Stroke is one of the leading causes of death and disability worldwide, disproportionately affecting lower socioeconomic groups. However, current generative AI chatbots are still not reliable enough for giving case-relevant information about stroke.
A research team from National Taiwan University and Harvard T.H. Chan School of Public Health tested three generative large language models (LLMs)—ChatGPT, Claude, and Gemini—across four stages of stroke care: prevention, diagnosis, treatment, and rehabilitation. Adopting three prompt engineering strategies—Zero-Shot Learning (ZSL), Chain of Thought (COT), and Talking Out Your Thoughts (TOT) —the team gave the LLMs patient-oriented questions in realistic stroke scenarios.
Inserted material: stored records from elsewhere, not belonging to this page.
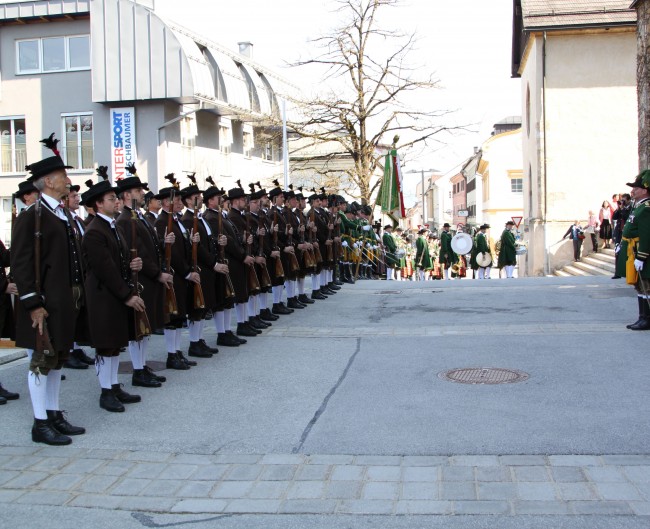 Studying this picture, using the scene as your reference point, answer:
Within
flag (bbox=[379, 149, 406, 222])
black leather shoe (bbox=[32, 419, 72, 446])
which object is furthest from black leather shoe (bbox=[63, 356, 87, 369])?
flag (bbox=[379, 149, 406, 222])

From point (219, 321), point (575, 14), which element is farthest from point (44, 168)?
point (575, 14)

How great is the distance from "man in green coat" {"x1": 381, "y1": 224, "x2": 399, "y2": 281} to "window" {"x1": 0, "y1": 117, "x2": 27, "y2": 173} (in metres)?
15.9

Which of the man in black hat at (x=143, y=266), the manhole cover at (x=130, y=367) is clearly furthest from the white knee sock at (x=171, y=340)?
the man in black hat at (x=143, y=266)

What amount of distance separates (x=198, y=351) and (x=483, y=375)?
349 cm

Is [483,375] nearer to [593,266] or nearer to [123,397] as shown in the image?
[123,397]

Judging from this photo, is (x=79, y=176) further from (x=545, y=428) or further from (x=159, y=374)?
(x=545, y=428)

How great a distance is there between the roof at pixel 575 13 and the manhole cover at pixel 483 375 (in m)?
27.2

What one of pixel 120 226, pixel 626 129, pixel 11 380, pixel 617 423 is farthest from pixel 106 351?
pixel 626 129

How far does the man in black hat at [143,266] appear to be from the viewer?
7.61m

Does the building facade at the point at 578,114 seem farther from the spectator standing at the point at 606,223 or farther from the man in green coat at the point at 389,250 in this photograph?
the man in green coat at the point at 389,250

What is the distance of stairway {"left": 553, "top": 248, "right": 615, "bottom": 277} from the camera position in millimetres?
23875

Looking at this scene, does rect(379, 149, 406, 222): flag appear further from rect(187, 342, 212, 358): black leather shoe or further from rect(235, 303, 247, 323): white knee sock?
rect(187, 342, 212, 358): black leather shoe

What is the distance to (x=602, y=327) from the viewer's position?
10680 mm

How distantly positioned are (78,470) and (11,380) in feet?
11.1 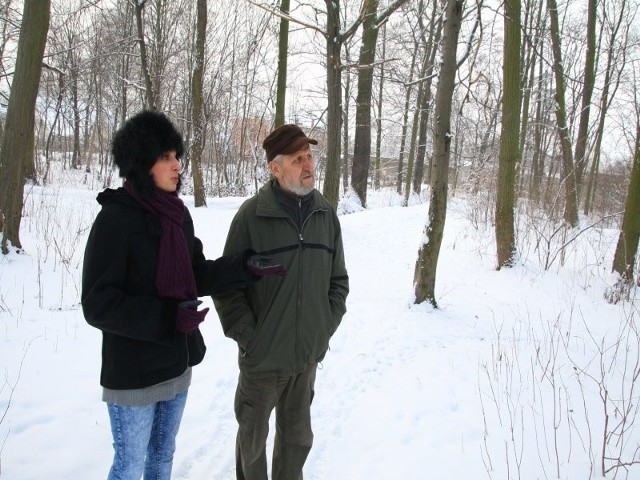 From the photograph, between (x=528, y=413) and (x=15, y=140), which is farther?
(x=15, y=140)

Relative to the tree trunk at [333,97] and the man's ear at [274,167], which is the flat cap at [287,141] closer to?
the man's ear at [274,167]

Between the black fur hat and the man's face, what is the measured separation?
554mm

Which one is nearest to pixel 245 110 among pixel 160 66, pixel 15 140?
pixel 160 66

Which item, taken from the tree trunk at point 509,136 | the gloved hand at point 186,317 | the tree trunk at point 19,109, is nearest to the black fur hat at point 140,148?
the gloved hand at point 186,317

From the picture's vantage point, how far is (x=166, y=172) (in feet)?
5.51

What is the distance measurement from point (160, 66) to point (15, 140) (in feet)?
33.2

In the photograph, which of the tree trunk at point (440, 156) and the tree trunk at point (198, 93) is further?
the tree trunk at point (198, 93)

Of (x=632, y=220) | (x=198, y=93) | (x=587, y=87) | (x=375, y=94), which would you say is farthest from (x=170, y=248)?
(x=375, y=94)

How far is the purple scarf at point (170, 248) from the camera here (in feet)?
5.27

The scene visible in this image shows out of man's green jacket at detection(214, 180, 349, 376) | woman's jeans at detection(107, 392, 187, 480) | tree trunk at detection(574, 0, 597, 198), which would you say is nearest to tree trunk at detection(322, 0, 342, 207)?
man's green jacket at detection(214, 180, 349, 376)

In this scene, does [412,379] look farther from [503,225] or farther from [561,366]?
[503,225]

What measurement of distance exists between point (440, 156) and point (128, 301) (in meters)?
3.97

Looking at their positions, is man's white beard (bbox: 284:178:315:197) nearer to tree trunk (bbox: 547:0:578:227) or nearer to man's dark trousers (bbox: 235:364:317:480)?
man's dark trousers (bbox: 235:364:317:480)

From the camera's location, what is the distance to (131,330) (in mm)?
1477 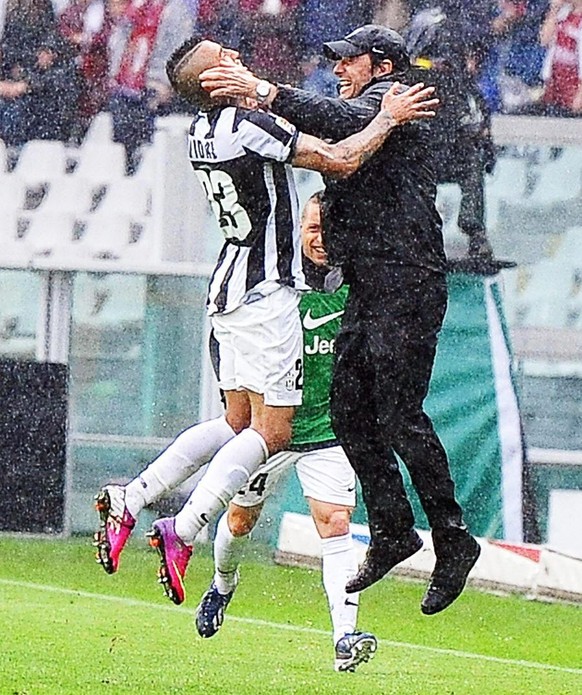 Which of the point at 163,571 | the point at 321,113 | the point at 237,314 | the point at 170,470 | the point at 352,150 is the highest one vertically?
the point at 321,113

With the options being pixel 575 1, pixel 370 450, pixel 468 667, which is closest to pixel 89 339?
pixel 575 1

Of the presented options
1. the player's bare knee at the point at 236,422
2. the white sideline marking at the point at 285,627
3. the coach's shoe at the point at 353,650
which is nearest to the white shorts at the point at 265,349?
the player's bare knee at the point at 236,422

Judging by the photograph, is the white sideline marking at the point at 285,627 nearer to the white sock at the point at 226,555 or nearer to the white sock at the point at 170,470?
the white sock at the point at 226,555

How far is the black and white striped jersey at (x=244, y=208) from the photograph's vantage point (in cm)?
661

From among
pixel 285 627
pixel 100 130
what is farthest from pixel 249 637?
pixel 100 130

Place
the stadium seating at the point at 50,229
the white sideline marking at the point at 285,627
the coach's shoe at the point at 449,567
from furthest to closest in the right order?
the stadium seating at the point at 50,229, the white sideline marking at the point at 285,627, the coach's shoe at the point at 449,567

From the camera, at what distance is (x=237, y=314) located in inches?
267

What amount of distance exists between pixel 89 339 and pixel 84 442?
59 cm

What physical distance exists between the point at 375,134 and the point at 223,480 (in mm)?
1208

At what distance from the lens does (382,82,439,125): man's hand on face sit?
20.4 ft

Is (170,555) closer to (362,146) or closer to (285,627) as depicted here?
(362,146)

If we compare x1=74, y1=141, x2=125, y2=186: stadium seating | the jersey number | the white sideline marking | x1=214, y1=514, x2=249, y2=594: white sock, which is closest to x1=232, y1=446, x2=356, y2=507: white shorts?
x1=214, y1=514, x2=249, y2=594: white sock

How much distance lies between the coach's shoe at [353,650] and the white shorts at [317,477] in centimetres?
52

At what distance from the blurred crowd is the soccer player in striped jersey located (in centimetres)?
466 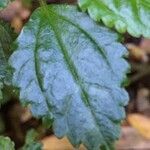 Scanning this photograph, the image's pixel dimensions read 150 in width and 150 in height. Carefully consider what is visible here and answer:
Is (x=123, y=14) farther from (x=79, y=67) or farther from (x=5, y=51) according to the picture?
(x=5, y=51)

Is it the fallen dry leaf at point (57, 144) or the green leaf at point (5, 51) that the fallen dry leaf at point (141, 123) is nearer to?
the fallen dry leaf at point (57, 144)

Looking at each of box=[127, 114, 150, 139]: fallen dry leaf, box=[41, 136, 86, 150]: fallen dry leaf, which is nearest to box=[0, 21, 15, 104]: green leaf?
box=[41, 136, 86, 150]: fallen dry leaf

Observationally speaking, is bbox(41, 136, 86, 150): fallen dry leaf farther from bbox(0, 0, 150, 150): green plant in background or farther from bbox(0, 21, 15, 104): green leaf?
bbox(0, 0, 150, 150): green plant in background

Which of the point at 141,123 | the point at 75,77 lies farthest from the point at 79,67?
the point at 141,123

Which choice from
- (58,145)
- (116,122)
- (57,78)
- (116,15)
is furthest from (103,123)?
(58,145)

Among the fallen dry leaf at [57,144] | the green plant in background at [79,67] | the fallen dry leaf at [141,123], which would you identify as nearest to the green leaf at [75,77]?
the green plant in background at [79,67]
Clinical experts then evaluated the answers across five domains—accuracy, hallucinations, specificity, empathy, and actionability, and assessed model performance according to the passing threshold (a score ≥ 60/100) of the medical doctor qualification exam as the minimum acceptable level for generated outputs. The test results are published in the journal npj Digital Medicine.
The study revealed that while each prompt engineering approach has its strengths, the overall performance of the LLMs demonstrated suboptimal and inconsistent performance across all stages of stroke care and domains. Most scores fell below the minimum clinical competency threshold of 60. TOT emerged as the most effective prompt strategy for generating responses with empathy and actionability, ZSL tended to provide responses with fewer hallucinations, and COT demonstrated strengths in diagnosis. ChatGPT performed better in accuracy and specificity, and actionability domains, but still poses the risk of generating hallucinations. The study outcome indicated significant limitations of LLMs in delivering clinically relevant and actionable outputs for the public. In time-sensitive situations, such as stroke, the risk of mis-information or oversimplification could lead to inappropriate or delayed care.
“Generative AI could help reduce health disparities and alleviate workforce shortages, especially in underserved regions,” said first author Prof. John Tayu Lee from National Taiwan University. “To realize this potential, we must continue to advance the technology and empower patients to ask better questions—leading to safer and more meaningful answers.”
Co-author Professor Rifat Atun from Harvard University added, “AI can accelerate global health equity if deployed responsibly—with strong governance, rigorous clinical validation, and sustained human oversight to ensure both safety and appropriateness.”